Christopher Sherwin

Biography

Art has always has been an important and integral part of Chris Sherwin's life.  Throughout the years he's dabbled in many different areas of art including woodturning, drawing, painting, ceramics, and music.  He took glassblowing as an elective during his senior year at Southern Connecticut State University.  He received a Bachelor of Science in Liberal Studies in 1991, with minors in Psychology and History and concentration in Special Education.  After two years of working as a residential direct care worker with individuals with Developmental Disabilities in Maryland, he returned to my home state of Vermont to begin his current ‘life path’ as a glassblower.

In the fall of 1993, Chris began apprenticing at Simon Pearce, Inc., a prestigious glass shop in Windsor, Vermont well known for their high quality production of crystal.  After a few months, he began blowing small vases and eventually worked my way to a team leader, which he held for over two years.   

In July of 1997, Chris left Vermont and moved to Chico, California. He was hired as a glass assistant at Orient & Flume Art Glass, a glass studio known internationally for their iridescent vases and paperweights, and torch work designs. He was like a kid in a candy shop. He was already skilled in the shaping and forming of glass; now he had numerous colors to experiment with and techniques to learn.  He spent the next seven years watching and learning from masters of the trade, practicing, refining and honing his skills.  He specialized in iridescent and torch work design and had many successful solo and collaboratively designed pieces on the production line as well as a successful section in the Orient & Flume retail showroom.

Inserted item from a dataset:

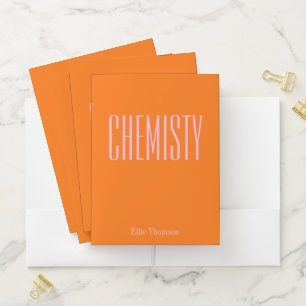Personalized Name School Pink Orange Chemistry Pocket Folder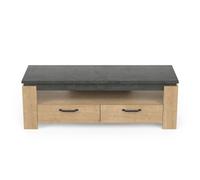 Demeyere Mueble para TV con 2 cajones, decoración de Roble y Gris Antracita, fabricación Francesa, Estilo contemporáneo, para salón, 140 x 42 x 47 cm, marrón, L 140 x P 42 x H 47 cm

In the summer of 2004, Chris and his family returned home to New England and set up his own glass studio. His designs are a composite of the techniques he learned at both prestigious glass studios, and he continues to specialize in the unique art of torch work, striving to capture by hand in glass the beauty he see in Nature, especially here in New England.

Artist’s Statement

I work in the medium of glass and specialize in torch work design and application. Using hand-pulled canes of glass made specifically for each design, and a hand-held oxy-propane torch, I melt and shape the tips of the glass canes and apply them to the glass form being created, to achieve the desired design.  It is best described as ‘painting with glass’.  After the decoration is complete, all of my work is hand shaped with wet newspaper.  I like to get as close to the glass as possible and using newspaper allows me to feel how the glass is moving with my hand.  Some of the pieces are formed into paperweights, others blown into various vessels.  When designing a piece, I try to allow the decoration or floral pattern dictate the form of the piece so as to provide harmony between the two.  The pieces vary in length from fifteen minutes to almost three hours.  The torch work process is intensive; all of my work is done ‘on the pipe’ and once a piece is started it demands concentration and attention to detail and form through to the end. My goal is to bring the creative and technical aspects of torch work design and application together with the freedom and elegance of hand-shaped forms to create harmonious, high quality, collectible pieces of art glass.